Hey I am facing the same issue and the response is coming as null character? What did you change @sszzsupersupersupersuper ? The code is mentioned below:


import os
try:
  token =os.environ['HF_TOKEN']
except:
  print("paste your hf token here!")
  token = "entertoken"
  os.environ['HF_TOKEN'] = token
import torch
# import gradio as gr
# from gradio.themes.utils import colors, fonts, sizes

from transformers import AutoTokenizer, AutoModel

# ========================================
#             Model Initialization
# ========================================

tokenizer =  AutoTokenizer.from_pretrained('OpenGVLab/InternVideo2-Chat-8B',
    trust_remote_code=True,
    use_fast=False,
    token=token)
if torch.cuda.is_available():
  model = AutoModel.from_pretrained(
      'OpenGVLab/InternVideo2-Chat-8B',
      torch_dtype=torch.bfloat16,
      trust_remote_code=True).cuda()
else:
  model = AutoModel.from_pretrained(
      'OpenGVLab/InternVideo2-Chat-8B',
      torch_dtype=torch.bfloat16,
      trust_remote_code=True)

from decord import VideoReader, cpu
from PIL import Image
import numpy as np
import numpy as np
import decord
from decord import VideoReader, cpu
import torch.nn.functional as F
import torchvision.transforms as T
from torchvision.transforms import PILToTensor
from torchvision import transforms
from torchvision.transforms.functional import InterpolationMode
decord.bridge.set_bridge("torch")

# ========================================
#          Define Utils
# ========================================
def get_index(num_frames, num_segments):
    seg_size = float(num_frames - 1) / num_segments
    start = int(seg_size / 2)
    offsets = np.array([
        start + int(np.round(seg_size * idx)) for idx in range(num_segments)
    ])
    return offsets

def load_video(video_path, num_segments=8, return_msg=False, resolution=224, hd_num=4, padding=False):
    decord.bridge.set_bridge("torch")
    vr = VideoReader(video_path, ctx=cpu(0), num_threads=1)
    num_frames = len(vr)
    frame_indices = get_index(num_frames, num_segments)

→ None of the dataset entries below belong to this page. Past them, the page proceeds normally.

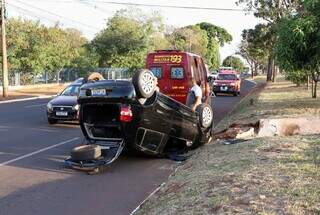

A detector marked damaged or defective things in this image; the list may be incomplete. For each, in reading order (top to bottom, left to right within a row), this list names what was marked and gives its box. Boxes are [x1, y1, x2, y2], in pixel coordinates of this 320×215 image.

overturned black car [65, 69, 214, 171]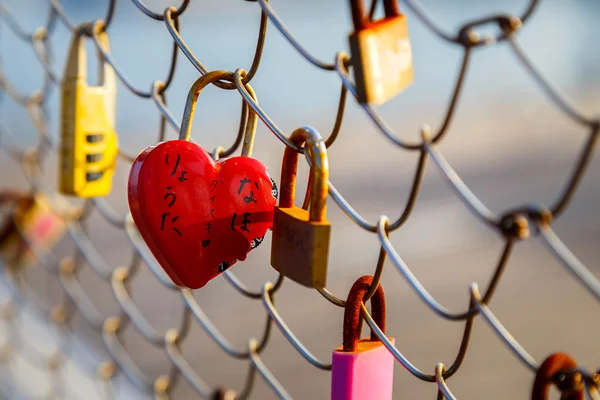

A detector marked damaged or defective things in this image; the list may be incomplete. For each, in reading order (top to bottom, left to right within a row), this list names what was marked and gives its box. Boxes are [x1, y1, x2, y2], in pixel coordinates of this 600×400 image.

rusty padlock [58, 22, 118, 198]
rusty padlock [346, 0, 412, 104]
rusty padlock [270, 128, 330, 288]
rusty padlock [330, 276, 396, 400]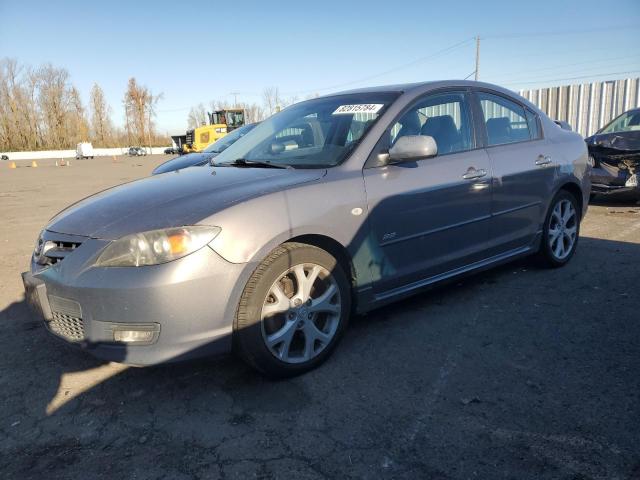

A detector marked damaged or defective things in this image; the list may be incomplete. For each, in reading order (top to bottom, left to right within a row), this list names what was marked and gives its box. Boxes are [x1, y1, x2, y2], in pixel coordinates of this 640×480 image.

wrecked vehicle [588, 109, 640, 197]
cracked asphalt [1, 156, 640, 478]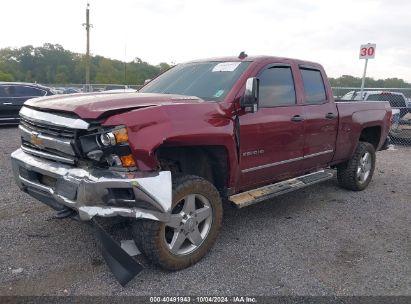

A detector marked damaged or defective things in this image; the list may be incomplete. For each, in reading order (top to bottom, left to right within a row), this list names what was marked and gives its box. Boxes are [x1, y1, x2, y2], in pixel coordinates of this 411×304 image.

crumpled front bumper [12, 148, 176, 222]
damaged red pickup truck [11, 55, 392, 282]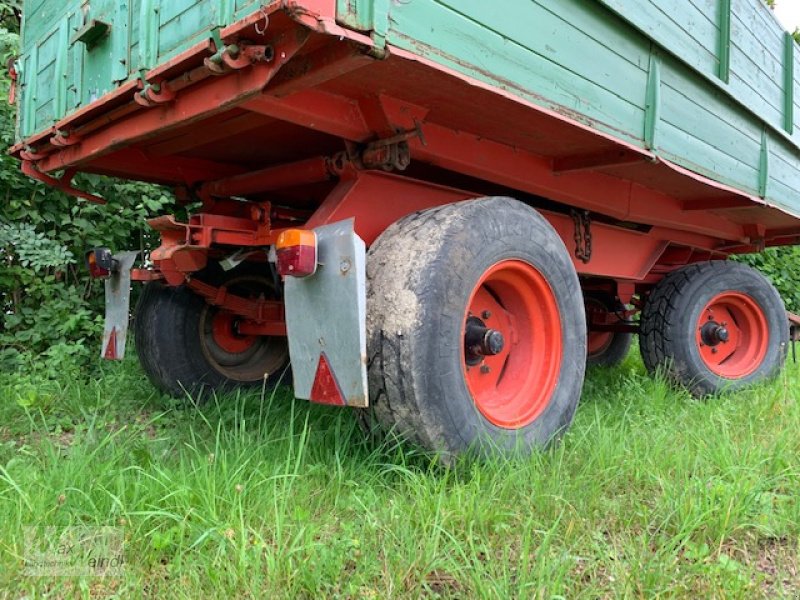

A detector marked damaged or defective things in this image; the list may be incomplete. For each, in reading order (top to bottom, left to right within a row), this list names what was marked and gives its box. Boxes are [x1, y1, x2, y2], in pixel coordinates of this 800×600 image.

rusty metal bracket [20, 163, 106, 205]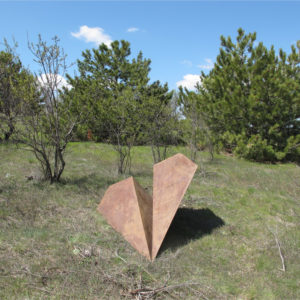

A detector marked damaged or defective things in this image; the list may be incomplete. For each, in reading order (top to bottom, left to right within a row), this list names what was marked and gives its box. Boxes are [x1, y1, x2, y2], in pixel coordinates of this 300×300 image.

rusty metal paper plane sculpture [97, 154, 198, 258]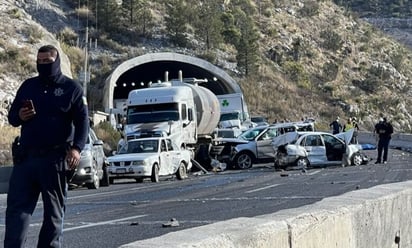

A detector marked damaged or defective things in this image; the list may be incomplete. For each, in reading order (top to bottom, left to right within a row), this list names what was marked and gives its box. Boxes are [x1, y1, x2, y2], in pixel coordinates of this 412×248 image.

crashed vehicle [105, 137, 191, 183]
white damaged car [106, 137, 192, 183]
crashed vehicle [211, 121, 314, 170]
crashed vehicle [272, 129, 368, 170]
white damaged car [274, 129, 370, 170]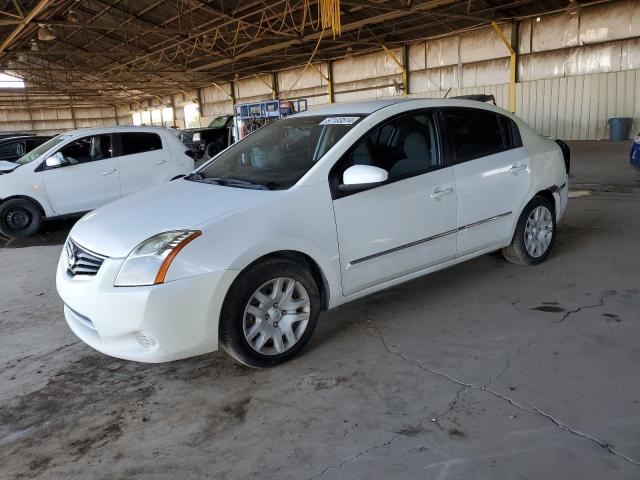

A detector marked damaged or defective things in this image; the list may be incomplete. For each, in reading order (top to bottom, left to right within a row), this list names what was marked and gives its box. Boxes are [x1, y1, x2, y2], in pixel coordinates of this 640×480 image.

cracked pavement [1, 140, 640, 480]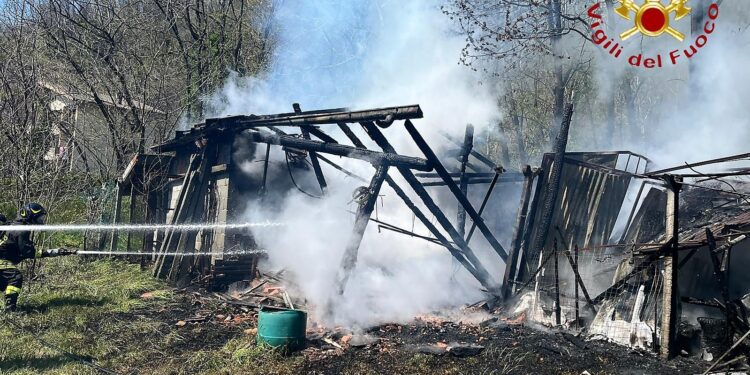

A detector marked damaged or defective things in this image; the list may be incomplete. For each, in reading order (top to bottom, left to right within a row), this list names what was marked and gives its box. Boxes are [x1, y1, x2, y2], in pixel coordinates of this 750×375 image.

charred wooden beam [244, 129, 432, 170]
charred wooden beam [338, 166, 390, 296]
charred wooden beam [340, 122, 494, 290]
charred wooden beam [358, 122, 500, 292]
charred wooden beam [408, 120, 508, 262]
charred wooden beam [458, 125, 476, 236]
charred wooden beam [506, 166, 536, 298]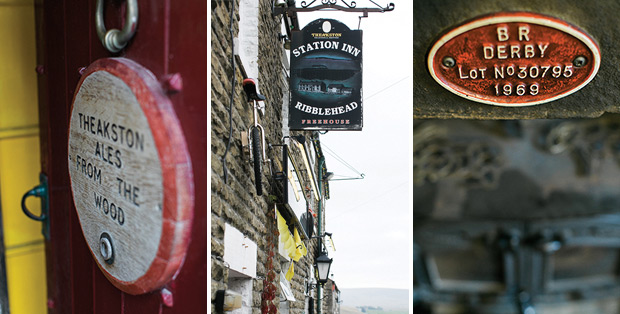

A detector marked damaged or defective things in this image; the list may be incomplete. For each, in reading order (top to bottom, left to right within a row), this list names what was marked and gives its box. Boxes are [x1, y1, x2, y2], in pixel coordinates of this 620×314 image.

    mean = (0.485, 0.456, 0.406)
    std = (0.229, 0.224, 0.225)

    transform = transforms.Compose([
        transforms.Lambda(lambda x: x.float().div(255.0)),
        transforms.Resize(224, interpolation=transforms.InterpolationMode.BICUBIC),
        transforms.CenterCrop(224),
        transforms.Normalize(mean, std)
    ])

    frames = vr.get_batch(frame_indices)
    frames = frames.permute(0, 3, 1, 2)
    frames = transform(frames)

    T_, C, H, W = frames.shape

    if return_msg:
        fps = float(vr.get_avg_fps())
        sec = ", ".join([str(round(f / fps, 1)) for f in frame_indices])
        # " " should be added in the start and end
        msg = f"The video contains {len(frame_indices)} frames sampled at {sec} seconds."
        return frames, msg
    else:
        return frames

video_path = "example1.mp4"
# sample uniformly 8 frames from the video
video_tensor = load_video(video_path, num_segments=8, return_msg=False)
video_tensor = video_tensor.to(model.device)

chat_history= []
response, chat_history = model.chat(tokenizer, '', 'describe the action step by step.', media_type='video', media_tensor=video_tensor, chat_history= chat_history, return_history=True,generation_config={'do_sample':False})
print(response)
# The video shows a woman performing yoga on a rooftop with a beautiful view of the mountains in the background. She starts by standing on her hands and knees, then moves into a downward dog position, and finally ends with a standing position. Throughout the video, she maintains a steady and fluid movement, focusing on her breath and alignment. The video is a great example of how yoga can be practiced in different environments and how it can be a great way to connect with nature and find inner peace.

response, chat_history = model.chat(tokenizer, '', 'What is man wearing', media_type='video', media_tensor=video_tensor, chat_history= chat_history, return_history=True,generation_config={'do_sample':False})
# # The woman in the video is wearing a black tank top and grey yoga pants.
# print(response)'
yinanhe commented 2 months ago

@Divyanshupy Hi, Please check your peft version and make sure it is 0.5.0

Divyanshupy commented 2 months ago

Wow!! It worked like a charm. Thank you again for the great work!!